I have my clients read this over and over again to help them “define the parameters” of each relationship that causes them problems. Defining perimeters means understanding recognizing and being able to accept their own personal rules, ideals, and needs in each individual relationship. Some of the most difficult things we experience in relationships are realizing that love is unconditional, but relationships are not.

We can be honest and direct about our boundaries in relationships and about the parameters of a particular relationship.

Perhaps no area of our life reflects our uniqueness and individuality in recovery more than our relationships. Some of us are in a committed relationship. Some of us are dating. Some of us are not dating. Some of us are living with someone. Some of us wish we were dating. Some of us wish we were in a committed relationship. Some of us get into new relationships after recovery. Some of us stay in the relationship we were in before we began recovering.
We have other relationships too. We have friendships. Relationships with children, with parents, with extended family. We have professional relationships—relationships with people on the job. 

We need to be able to be honest and direct in our relationships. One area we can be honest and direct about is the parameters of our relationships. We can define our relationships to people, an idea written about by Charlotte Kasl and others, and we can ask them to be honest and direct about defining their vision of the relationship with us.

It is confusing to be in relationships and not know where we stand—whether this is on the job, in a friendship, with family members, or in a love relationship. We have a right to be direct about how we define the relationship—what we want it to be. But relationships equal two people who have equal rights. The other person needs to be able to define the relationship too. We have a right to know and ask. So do they. Honesty is the best policy.

We can set boundaries. If someone wants a more intense relationship than we do, we can be clear and honest about what we want, about our intended level of participation. We can tell the person what to reasonably expect from us, because that is what we want to give. How the person deals with that is his or her issue. Whether or not we tell the person is ours. We can set boundaries and define friendships when those cause confusion.

We can even define relationships with children if those relationships have gotten sticky and exceeded our parameters. We need to define love relationships and what that means to each person. We have a right to ask and receive clear answers. We have a right to make our own definitions and have our own expectations. So does the other person.

Honesty and directness is the only policy. Sometimes we don’t know what we want in a relationship. Sometimes the other person doesn’t know. But the sooner we can define a relationship, with the other person’s help, the sooner we can decide on an appropriate course of conduct for ourselves.

The clearer we can become on defining relationships, the more we can take care of ourselves in that relationship. We have a right to our boundaries, wants, and needs. So does the other person. We can not force someone to be in a relationship or to participate at a level we desire if he or she does not want to. All of us have a right not to be forced.

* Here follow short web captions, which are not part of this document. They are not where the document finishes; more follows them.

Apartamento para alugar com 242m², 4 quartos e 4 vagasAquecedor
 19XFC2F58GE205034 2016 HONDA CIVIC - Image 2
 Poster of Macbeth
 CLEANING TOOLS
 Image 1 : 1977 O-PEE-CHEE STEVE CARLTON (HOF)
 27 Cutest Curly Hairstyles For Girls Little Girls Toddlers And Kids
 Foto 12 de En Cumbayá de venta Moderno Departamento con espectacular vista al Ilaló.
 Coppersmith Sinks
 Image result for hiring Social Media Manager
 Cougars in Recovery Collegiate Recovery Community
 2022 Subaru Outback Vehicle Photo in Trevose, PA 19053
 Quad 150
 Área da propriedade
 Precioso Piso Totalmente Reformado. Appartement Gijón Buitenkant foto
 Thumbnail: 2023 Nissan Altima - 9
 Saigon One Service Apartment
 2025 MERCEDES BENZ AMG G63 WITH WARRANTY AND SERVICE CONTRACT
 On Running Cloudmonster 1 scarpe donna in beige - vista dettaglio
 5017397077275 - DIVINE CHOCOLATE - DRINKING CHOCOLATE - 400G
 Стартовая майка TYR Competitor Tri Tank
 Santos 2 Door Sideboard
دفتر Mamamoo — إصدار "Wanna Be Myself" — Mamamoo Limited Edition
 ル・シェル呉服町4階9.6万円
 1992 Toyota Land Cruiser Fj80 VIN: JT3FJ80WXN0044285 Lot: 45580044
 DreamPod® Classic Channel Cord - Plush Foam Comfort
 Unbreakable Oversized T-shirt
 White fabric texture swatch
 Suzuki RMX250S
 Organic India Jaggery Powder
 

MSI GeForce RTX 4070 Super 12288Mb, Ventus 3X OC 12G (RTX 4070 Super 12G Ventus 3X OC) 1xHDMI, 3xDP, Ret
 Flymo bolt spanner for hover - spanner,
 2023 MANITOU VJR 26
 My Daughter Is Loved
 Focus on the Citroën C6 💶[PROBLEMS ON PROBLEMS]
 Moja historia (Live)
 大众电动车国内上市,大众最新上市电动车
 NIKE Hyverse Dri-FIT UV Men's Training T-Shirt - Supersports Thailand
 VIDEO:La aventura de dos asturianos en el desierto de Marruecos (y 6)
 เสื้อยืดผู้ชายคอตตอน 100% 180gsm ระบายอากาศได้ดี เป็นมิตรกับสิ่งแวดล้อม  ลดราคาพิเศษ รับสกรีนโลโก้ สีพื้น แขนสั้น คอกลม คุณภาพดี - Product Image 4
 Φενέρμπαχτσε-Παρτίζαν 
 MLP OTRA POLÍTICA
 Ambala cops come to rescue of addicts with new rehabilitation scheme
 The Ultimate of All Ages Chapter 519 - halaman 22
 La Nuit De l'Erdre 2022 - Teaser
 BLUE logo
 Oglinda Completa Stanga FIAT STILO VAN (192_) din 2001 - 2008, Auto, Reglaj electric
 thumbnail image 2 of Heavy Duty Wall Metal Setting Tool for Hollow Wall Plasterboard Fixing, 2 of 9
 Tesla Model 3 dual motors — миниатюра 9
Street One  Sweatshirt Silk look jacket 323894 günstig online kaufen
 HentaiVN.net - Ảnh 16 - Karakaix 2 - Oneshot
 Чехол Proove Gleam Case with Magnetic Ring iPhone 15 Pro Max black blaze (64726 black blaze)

Information is a powerful tool, and having the information about what a particular relationship is—the boundaries and definitions of it—will empower us to take care of ourselves in it. Relationships take a while to form, but at some point we can reasonably expect a clear definition of what that relationship is and what the boundaries of it are. If the definitions clash, we are free to make a new decision based on appropriate information about what we need to do to take care of ourselves.

Today, I will strive for clarity and directness in my relationships. If I now have some relationships that are murky and ill-defined, and if I have given them adequate time to form, I will begin to take action to define that relationship.

Relationships do have rules, boundaries, and limitations. If we know and understand another person’s perimeters then we can decide whether or not we can participate in that relationship. Knowing this, about ourselves and about others allows us to make better decisions as to whether or not this kind of relationship is the kind of relationship we can honestly and authentically participate in. It helps us avoid “spray painting our red flags green”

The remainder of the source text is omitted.